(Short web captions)

***

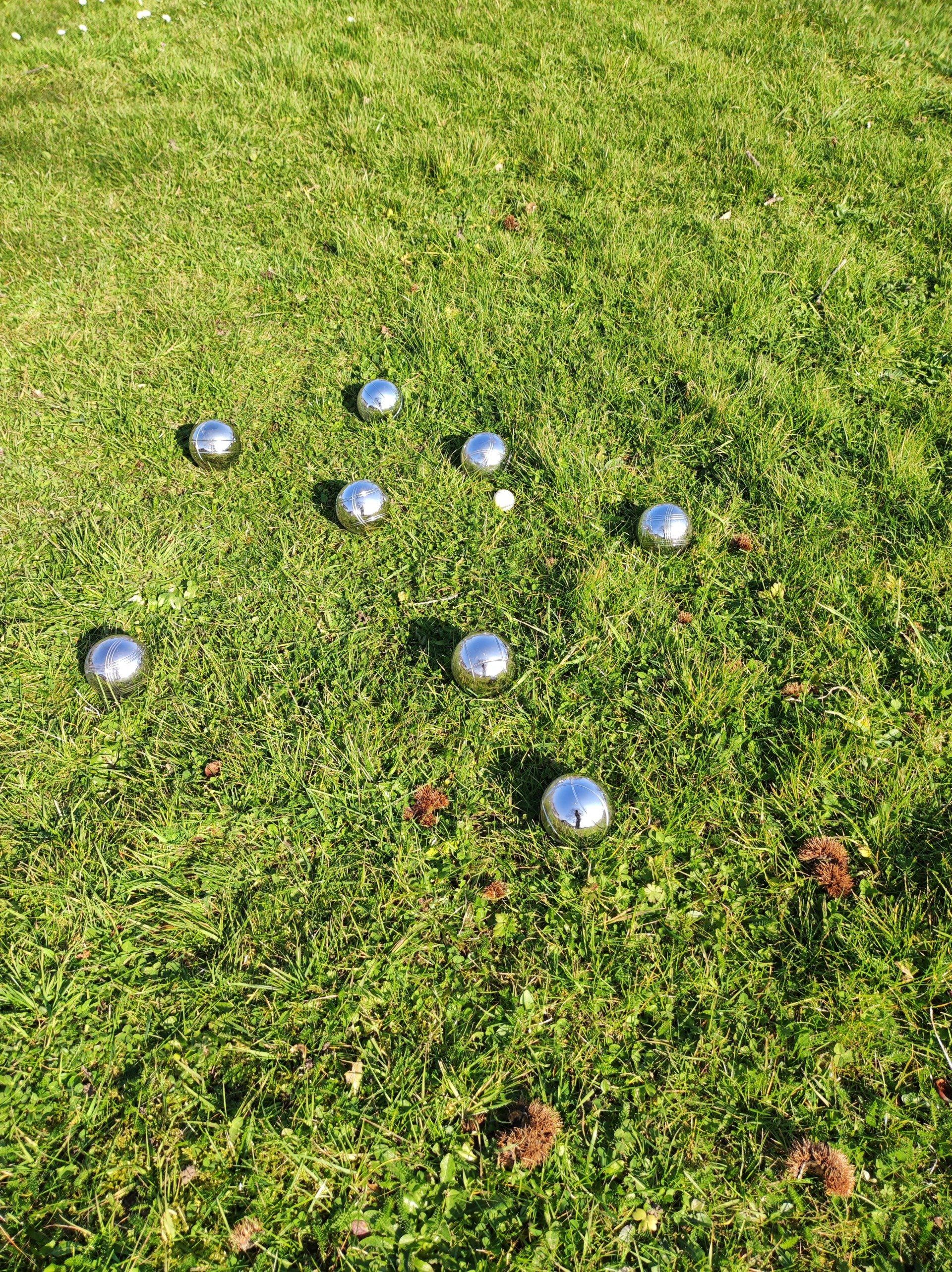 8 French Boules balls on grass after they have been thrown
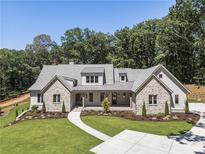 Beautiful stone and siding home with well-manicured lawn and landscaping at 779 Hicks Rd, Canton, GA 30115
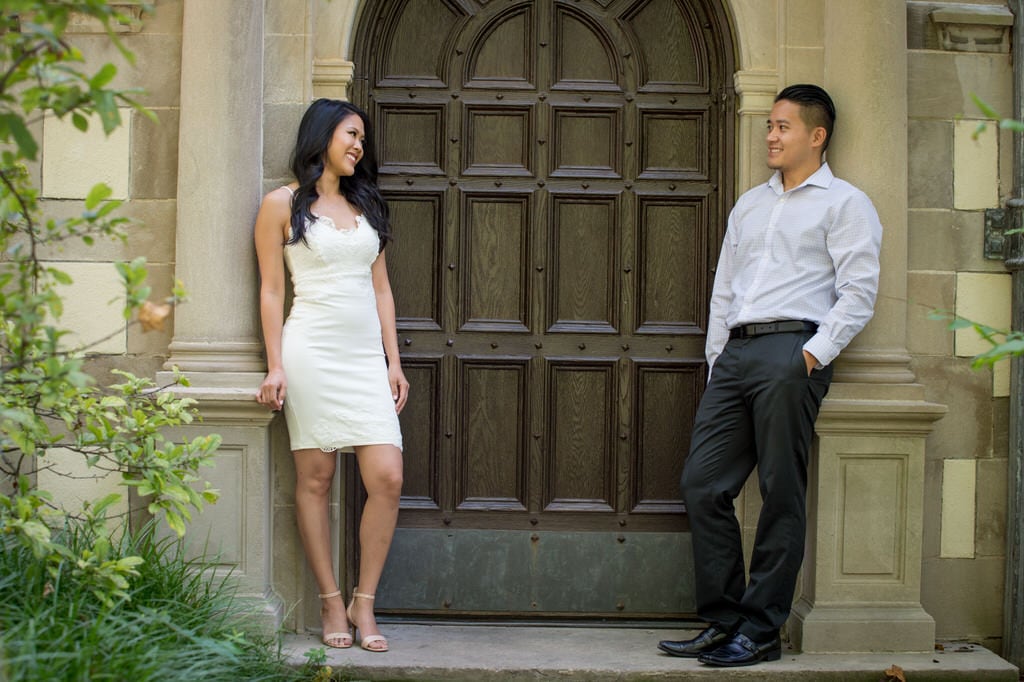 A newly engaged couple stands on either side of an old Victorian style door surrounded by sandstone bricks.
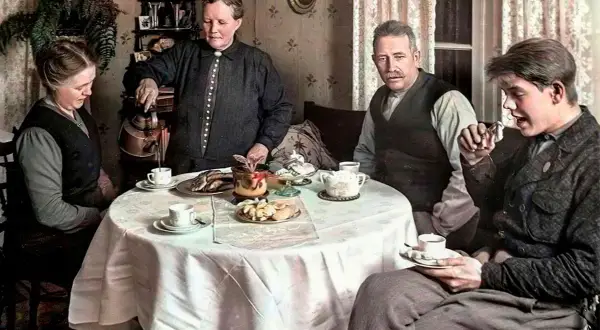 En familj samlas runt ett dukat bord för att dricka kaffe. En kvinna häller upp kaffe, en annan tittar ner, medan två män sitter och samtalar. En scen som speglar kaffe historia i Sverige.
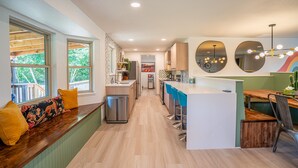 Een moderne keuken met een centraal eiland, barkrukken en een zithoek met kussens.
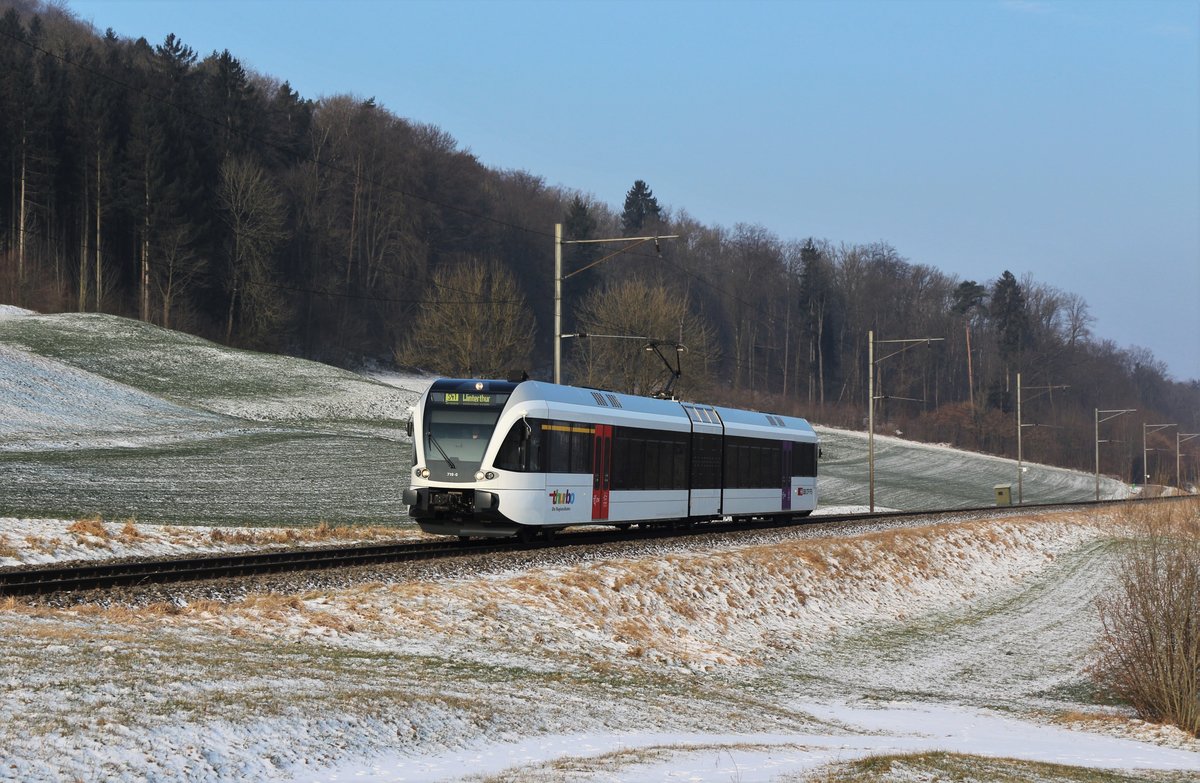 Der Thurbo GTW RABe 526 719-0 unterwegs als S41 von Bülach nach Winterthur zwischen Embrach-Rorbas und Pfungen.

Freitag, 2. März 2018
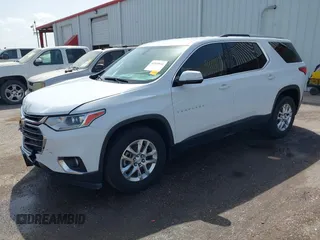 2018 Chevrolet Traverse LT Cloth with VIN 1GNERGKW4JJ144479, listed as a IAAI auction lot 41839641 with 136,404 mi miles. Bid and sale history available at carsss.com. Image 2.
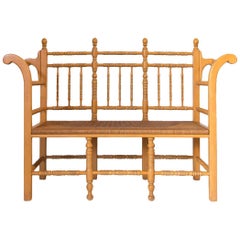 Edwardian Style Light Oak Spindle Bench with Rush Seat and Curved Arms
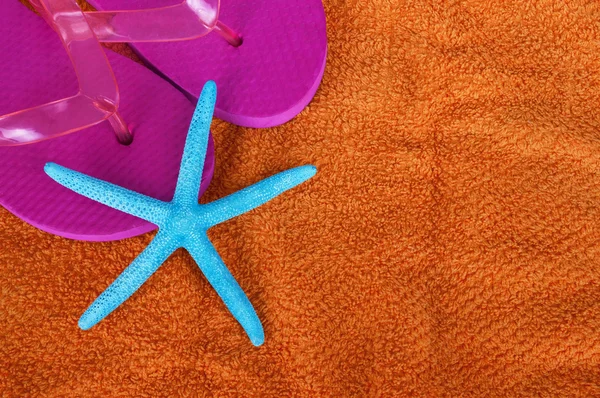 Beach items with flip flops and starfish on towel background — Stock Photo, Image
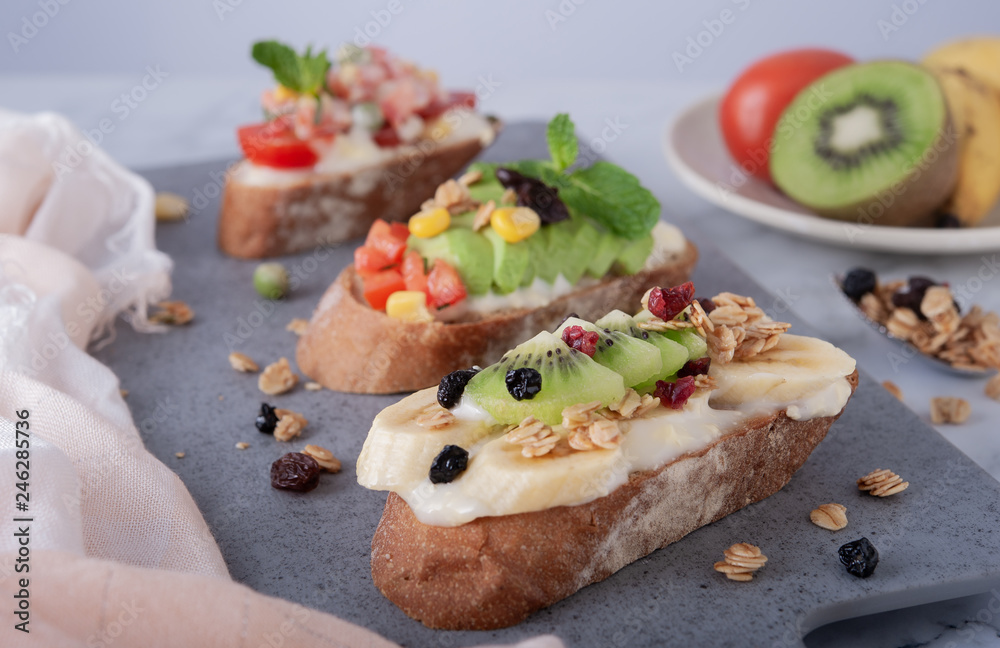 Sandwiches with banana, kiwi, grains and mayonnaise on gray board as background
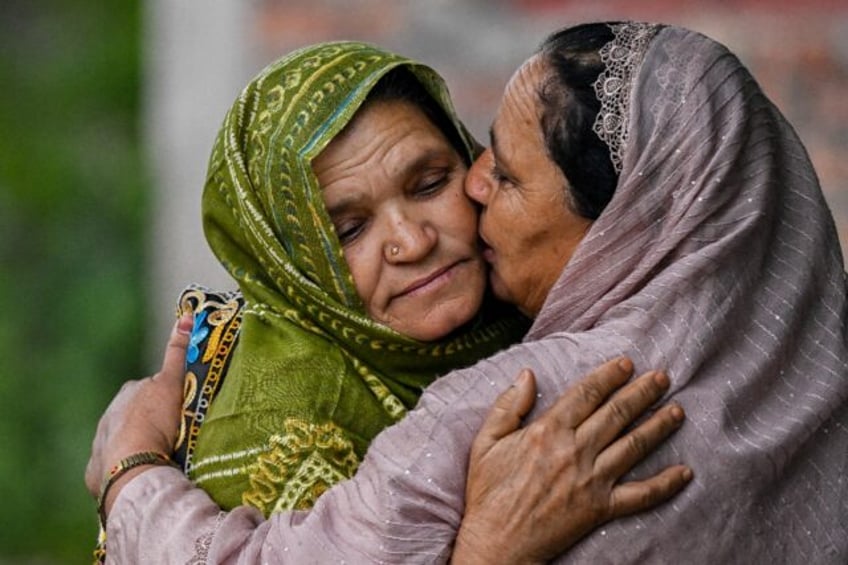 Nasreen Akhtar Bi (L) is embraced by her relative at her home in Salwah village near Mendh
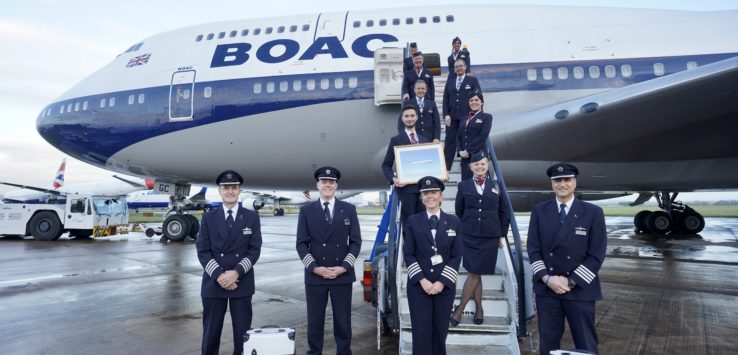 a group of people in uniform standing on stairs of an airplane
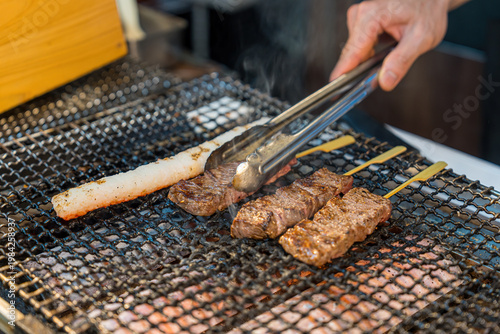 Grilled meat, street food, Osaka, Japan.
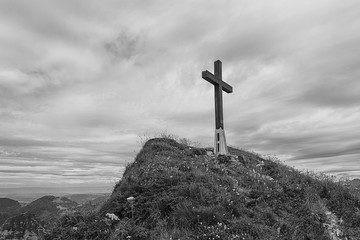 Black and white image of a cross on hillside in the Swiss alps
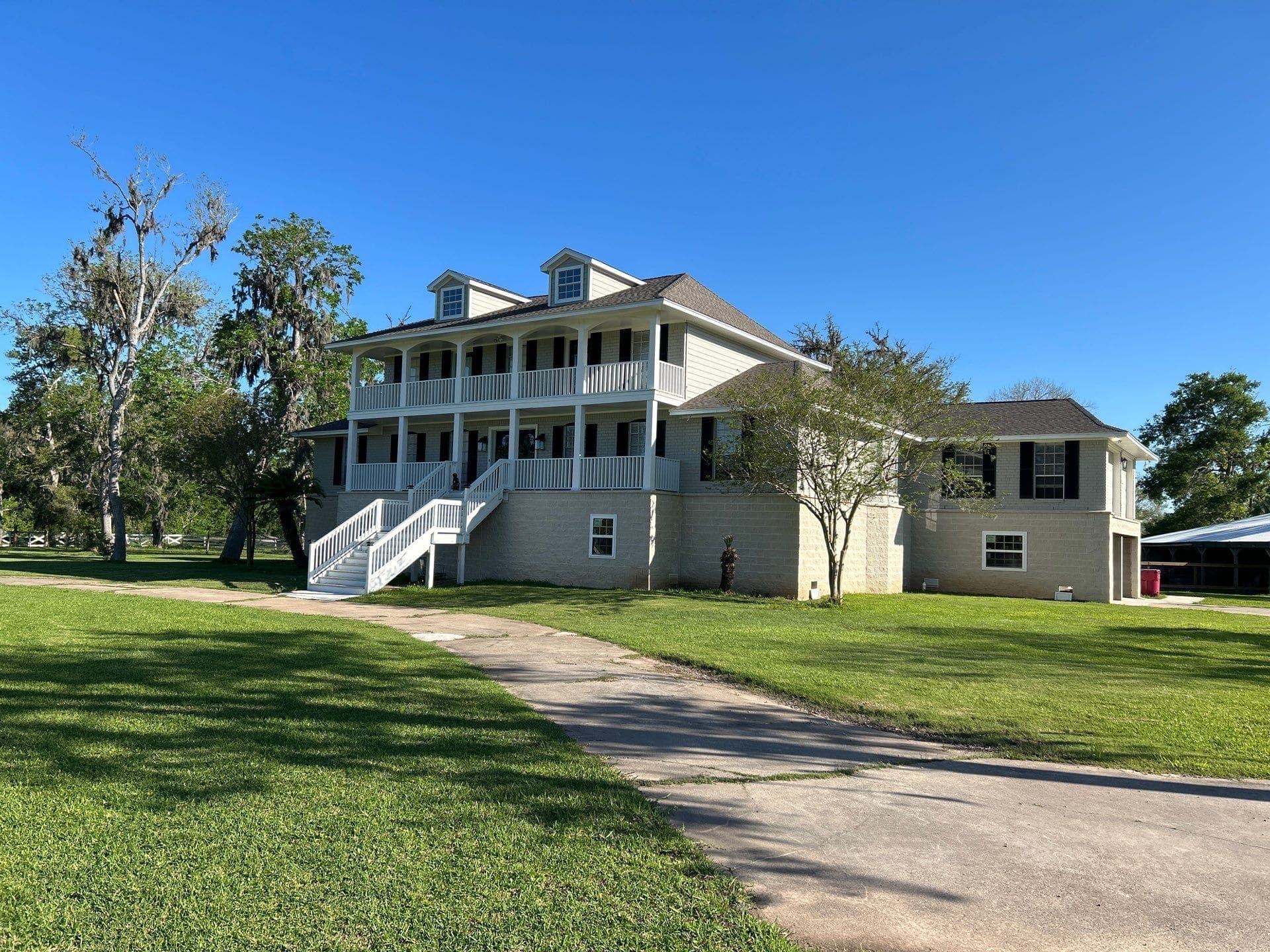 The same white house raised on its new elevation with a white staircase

***

• Your task: A word-for-word copy is needed of the lines from the line with "a group of people" through the last line of the entries above, with both ends kept and the pictures dropped.

• Finished exercise:
 a group of people in uniform standing on stairs of an airplane
 Grilled meat, street food, Osaka, Japan.
 Black and white image of a cross on hillside in the Swiss alps
 The same white house raised on its new elevation with a white staircase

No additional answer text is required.